*Material shown:*
*****
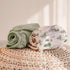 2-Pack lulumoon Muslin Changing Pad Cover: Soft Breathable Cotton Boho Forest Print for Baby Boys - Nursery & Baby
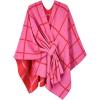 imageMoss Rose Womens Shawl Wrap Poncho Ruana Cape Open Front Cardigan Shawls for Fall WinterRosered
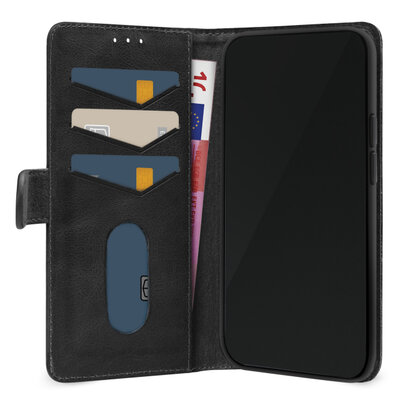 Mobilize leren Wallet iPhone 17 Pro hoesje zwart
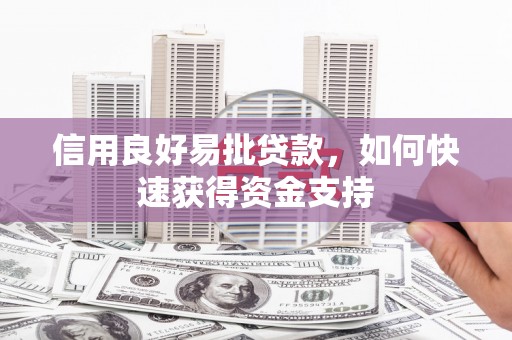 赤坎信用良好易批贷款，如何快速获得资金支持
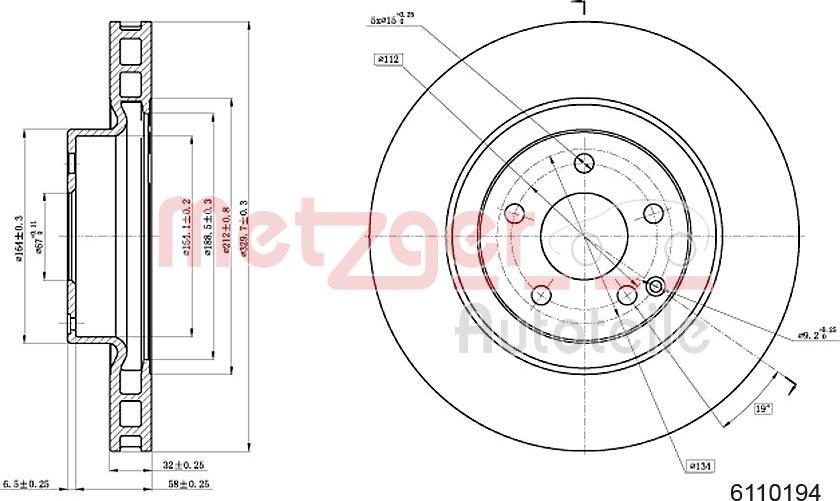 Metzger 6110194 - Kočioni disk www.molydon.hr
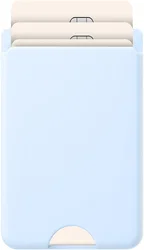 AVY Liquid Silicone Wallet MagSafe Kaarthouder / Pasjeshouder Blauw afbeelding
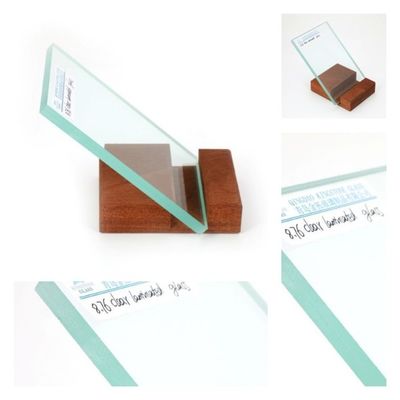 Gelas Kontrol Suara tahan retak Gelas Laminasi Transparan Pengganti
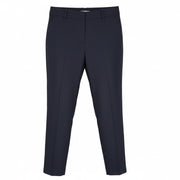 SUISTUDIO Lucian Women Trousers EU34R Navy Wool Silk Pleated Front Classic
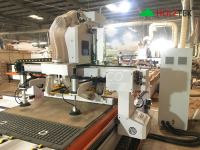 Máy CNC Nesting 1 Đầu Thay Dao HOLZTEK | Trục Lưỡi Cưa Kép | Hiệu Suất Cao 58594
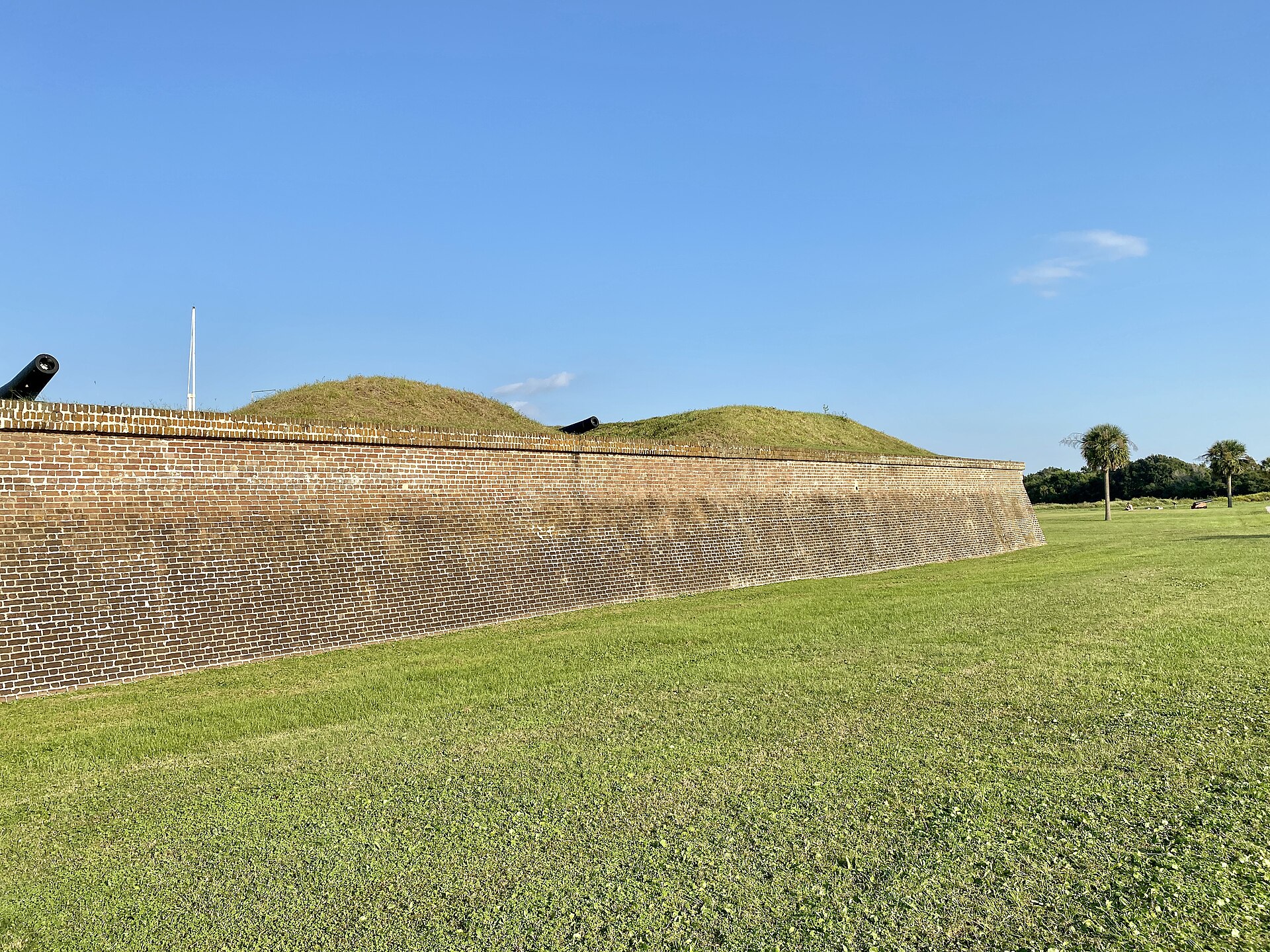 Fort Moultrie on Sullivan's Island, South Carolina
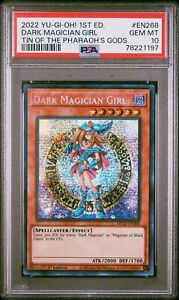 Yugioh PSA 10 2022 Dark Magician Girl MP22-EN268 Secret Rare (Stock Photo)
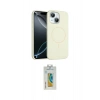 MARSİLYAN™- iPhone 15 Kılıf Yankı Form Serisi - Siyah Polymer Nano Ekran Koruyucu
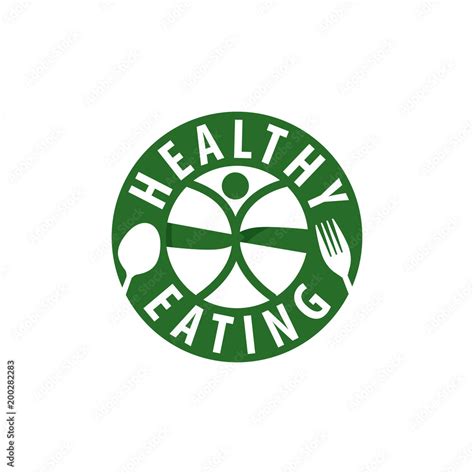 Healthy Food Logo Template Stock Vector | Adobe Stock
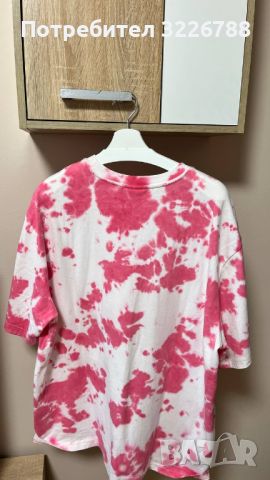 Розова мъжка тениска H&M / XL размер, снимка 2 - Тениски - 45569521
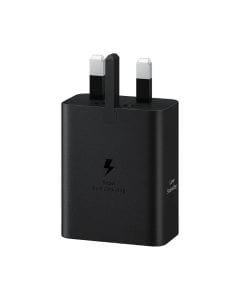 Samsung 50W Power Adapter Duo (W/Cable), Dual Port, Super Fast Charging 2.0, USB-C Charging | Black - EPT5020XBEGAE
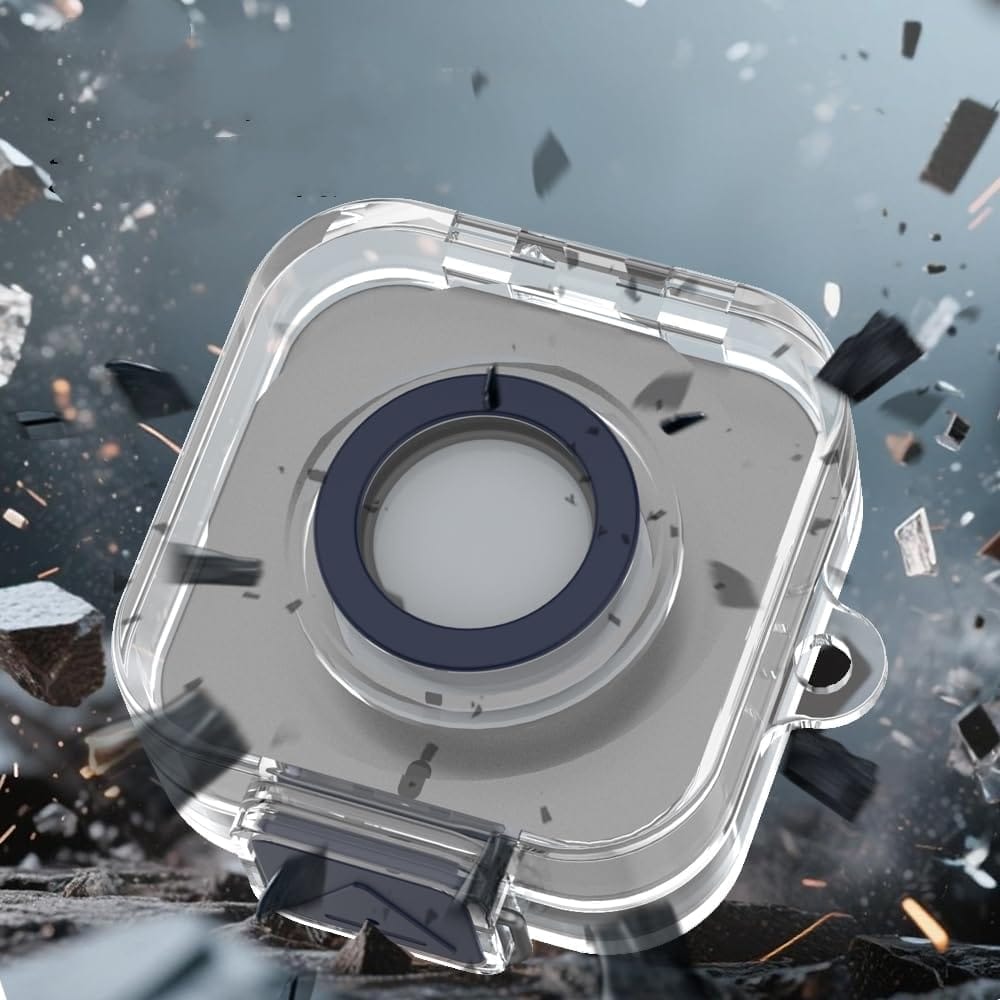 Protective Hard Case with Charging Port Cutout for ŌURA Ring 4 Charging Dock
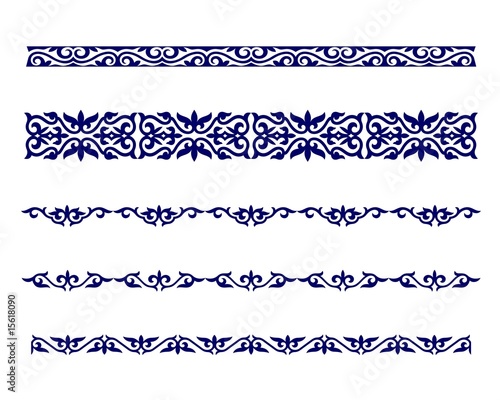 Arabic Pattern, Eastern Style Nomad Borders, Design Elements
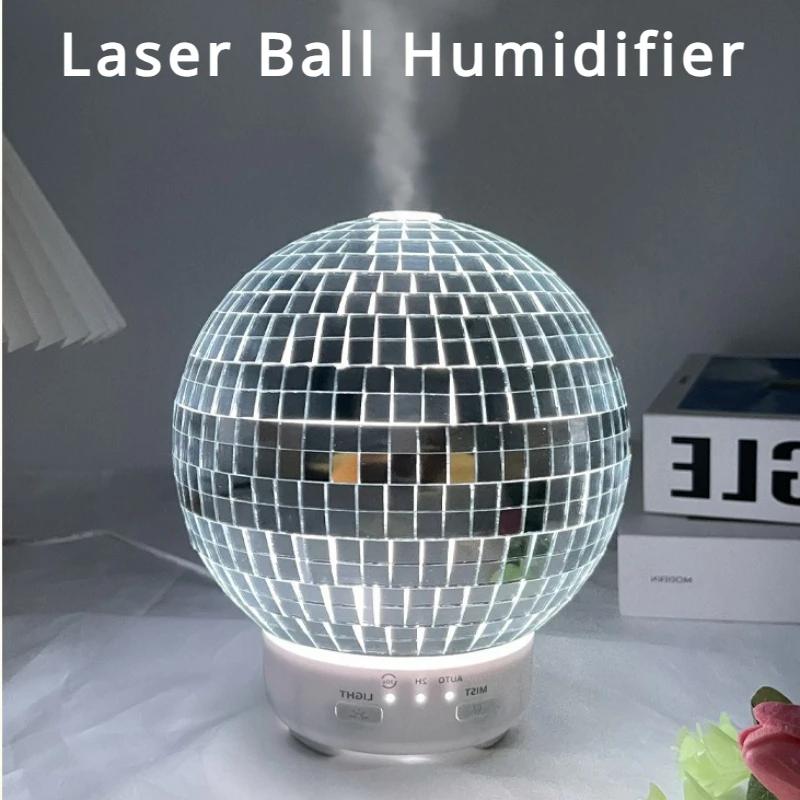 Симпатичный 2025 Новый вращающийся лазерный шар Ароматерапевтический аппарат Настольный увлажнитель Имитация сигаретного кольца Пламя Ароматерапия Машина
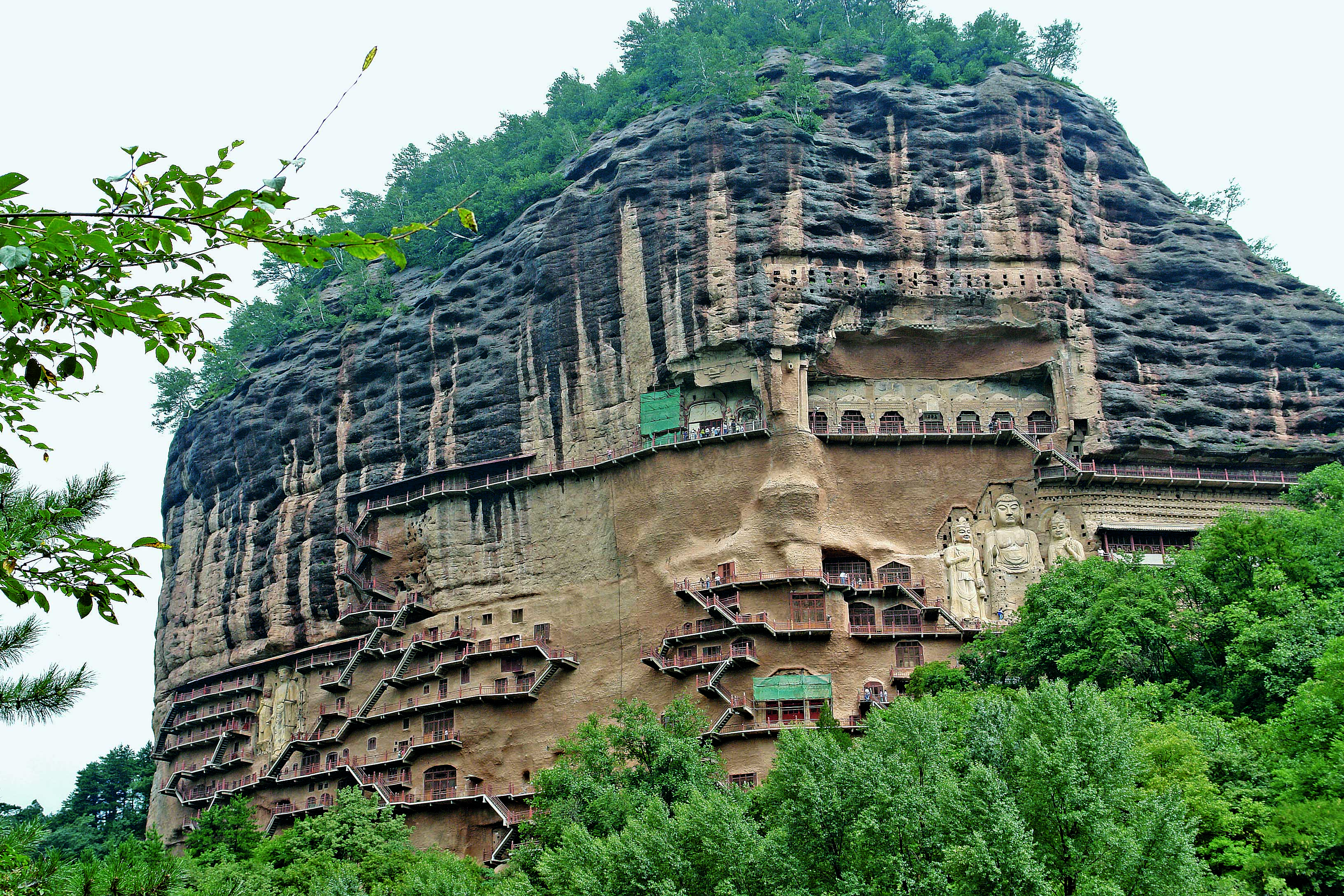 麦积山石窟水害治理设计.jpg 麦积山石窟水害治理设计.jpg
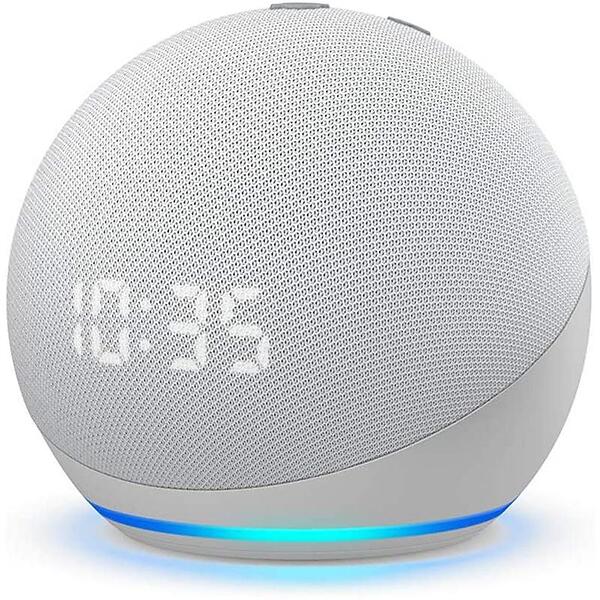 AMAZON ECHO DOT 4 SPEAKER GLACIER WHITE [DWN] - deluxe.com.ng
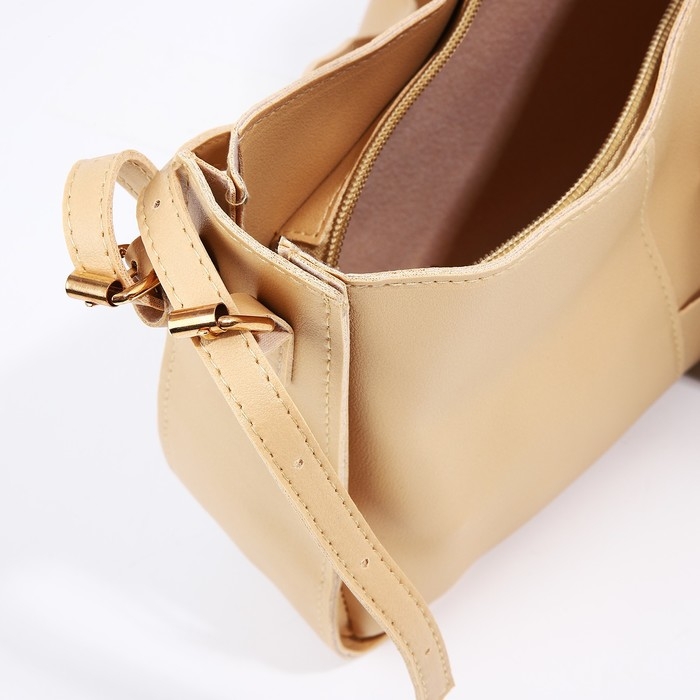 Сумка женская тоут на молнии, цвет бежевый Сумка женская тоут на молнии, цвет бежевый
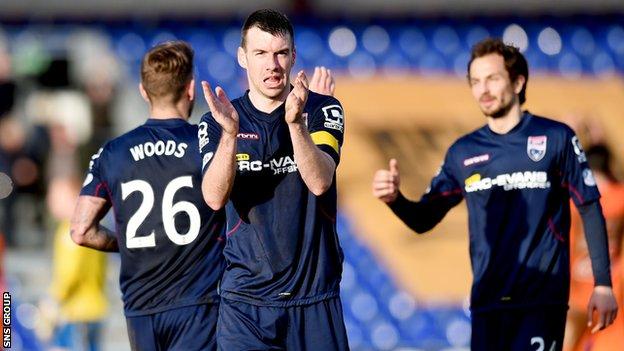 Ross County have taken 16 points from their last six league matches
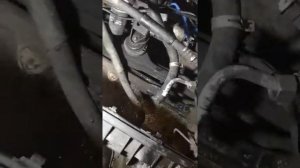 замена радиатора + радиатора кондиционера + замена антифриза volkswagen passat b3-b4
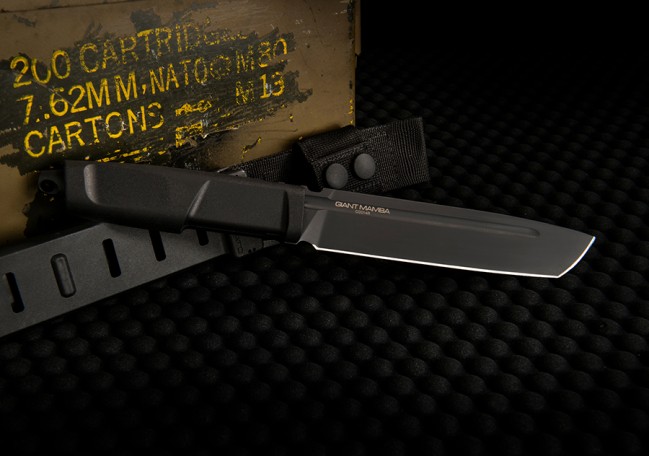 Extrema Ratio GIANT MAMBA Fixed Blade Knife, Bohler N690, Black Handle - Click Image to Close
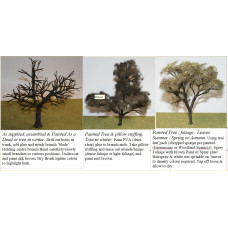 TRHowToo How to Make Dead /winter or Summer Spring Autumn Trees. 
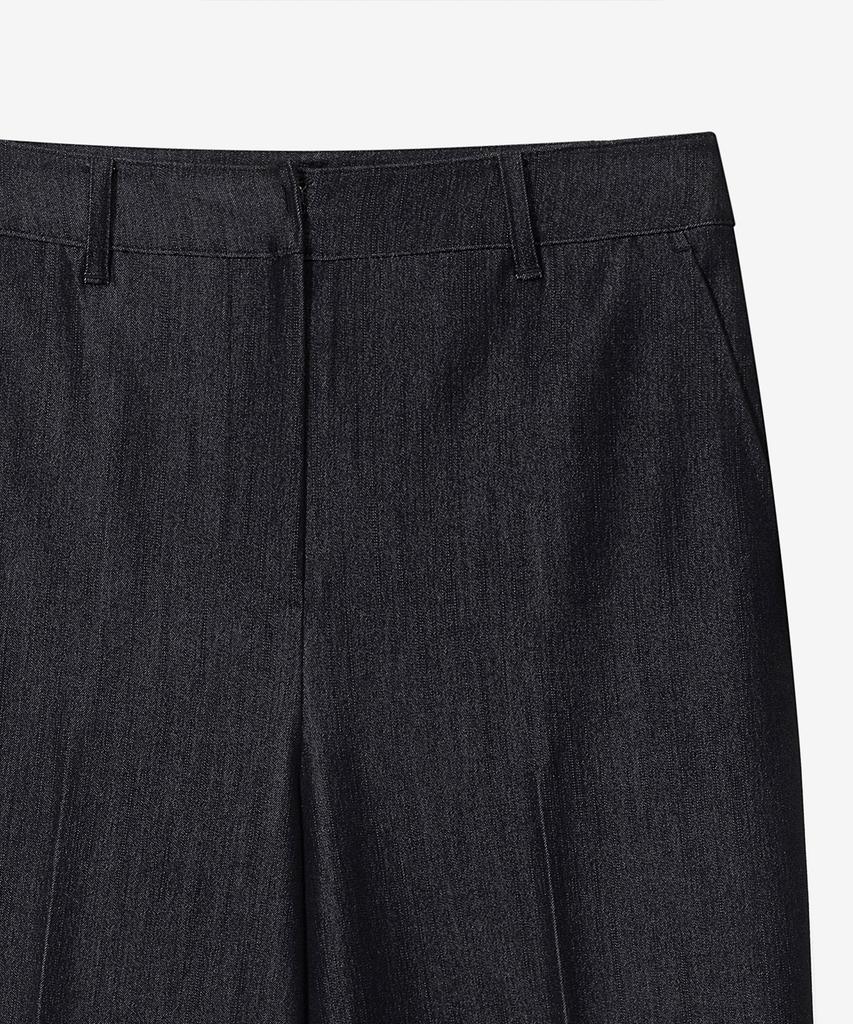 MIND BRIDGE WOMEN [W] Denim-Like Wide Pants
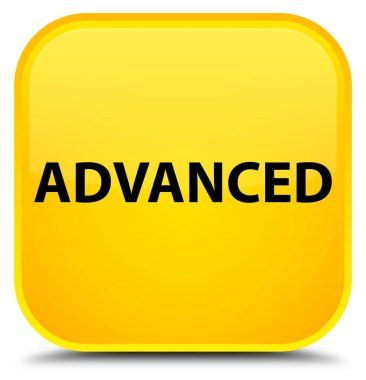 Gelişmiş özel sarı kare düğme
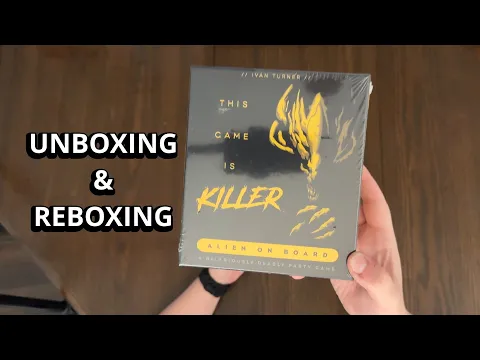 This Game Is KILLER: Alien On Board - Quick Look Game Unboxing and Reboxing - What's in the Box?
*****
*Task goal:* Although the records contain pictures, your copy should hold only the text, reproduced exactly.

*Written solution:*
 2-Pack lulumoon Muslin Changing Pad Cover: Soft Breathable Cotton Boho Forest Print for Baby Boys - Nursery & Baby
 imageMoss Rose Womens Shawl Wrap Poncho Ruana Cape Open Front Cardigan Shawls for Fall WinterRosered
 Mobilize leren Wallet iPhone 17 Pro hoesje zwart
 赤坎信用良好易批贷款，如何快速获得资金支持
 Metzger 6110194 - Kočioni disk www.molydon.hr
 AVY Liquid Silicone Wallet MagSafe Kaarthouder / Pasjeshouder Blauw afbeelding
 Gelas Kontrol Suara tahan retak Gelas Laminasi Transparan Pengganti
 SUISTUDIO Lucian Women Trousers EU34R Navy Wool Silk Pleated Front Classic
 Máy CNC Nesting 1 Đầu Thay Dao HOLZTEK | Trục Lưỡi Cưa Kép | Hiệu Suất Cao 58594
 Fort Moultrie on Sullivan's Island, South Carolina
 Yugioh PSA 10 2022 Dark Magician Girl MP22-EN268 Secret Rare (Stock Photo)
 MARSİLYAN™- iPhone 15 Kılıf Yankı Form Serisi - Siyah Polymer Nano Ekran Koruyucu
 Healthy Food Logo Template Stock Vector | Adobe Stock
 Розова мъжка тениска H&M / XL размер, снимка 2 - Тениски - 45569521
 Samsung 50W Power Adapter Duo (W/Cable), Dual Port, Super Fast Charging 2.0, USB-C Charging | Black - EPT5020XBEGAE
 Protective Hard Case with Charging Port Cutout for ŌURA Ring 4 Charging Dock
 Arabic Pattern, Eastern Style Nomad Borders, Design Elements
 Симпатичный 2025 Новый вращающийся лазерный шар Ароматерапевтический аппарат Настольный увлажнитель Имитация сигаретного кольца Пламя Ароматерапия Машина
 麦积山石窟水害治理设计.jpg 麦积山石窟水害治理设计.jpg
 AMAZON ECHO DOT 4 SPEAKER GLACIER WHITE [DWN] - deluxe.com.ng
 Сумка женская тоут на молнии, цвет бежевый Сумка женская тоут на молнии, цвет бежевый
 Ross County have taken 16 points from their last six league matches
 замена радиатора + радиатора кондиционера + замена антифриза volkswagen passat b3-b4
 Extrema Ratio GIANT MAMBA Fixed Blade Knife, Bohler N690, Black Handle - Click Image to Close
 TRHowToo How to Make Dead /winter or Summer Spring Autumn Trees. 
 MIND BRIDGE WOMEN [W] Denim-Like Wide Pants
 Gelişmiş özel sarı kare düğme
 This Game Is KILLER: Alien On Board - Quick Look Game Unboxing and Reboxing - What's in the Box?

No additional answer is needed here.